A friend recently reminded me of the existence of chrony, a "versatile implementation of the Network Time Protocol (NTP)". The excellent introduction is worth quoting in full:

It can synchronise the system clock with NTP servers, reference clocks (e.g. GPS receiver), and manual input using wristwatch and keyboard. It can also operate as an NTPv4 (RFC 5905) server and peer to provide a time service to other computers in the network.

It is designed to perform well in a wide range of conditions, including intermittent network connections, heavily congested networks, changing temperatures (ordinary computer clocks are sensitive to temperature), and systems that do not run continuosly, or run on a virtual machine.

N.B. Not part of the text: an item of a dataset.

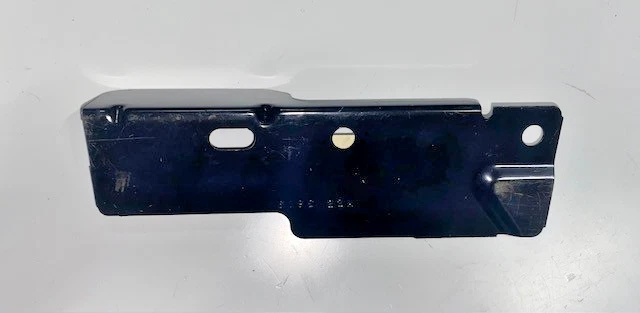 1997-2009 GENUINO GUARDABARROS GM SOPORTE INFERIOR, PIEZA OEM NUEVA, NÚMERO DE PIEZA 15293619 Foto 2 de 4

Typical accuracy between two machines synchronised over the Internet is within a few milliseconds; on a LAN, accuracy is typically in tens of microseconds. With hardware timestamping, or a hardware reference clock, sub-microsecond accuracy may be possible.

Now that's already great documentation right there. What it is, why it's good, and what to expect from it. I want more. They have a very handy comparison table between chrony, ntp and openntpd.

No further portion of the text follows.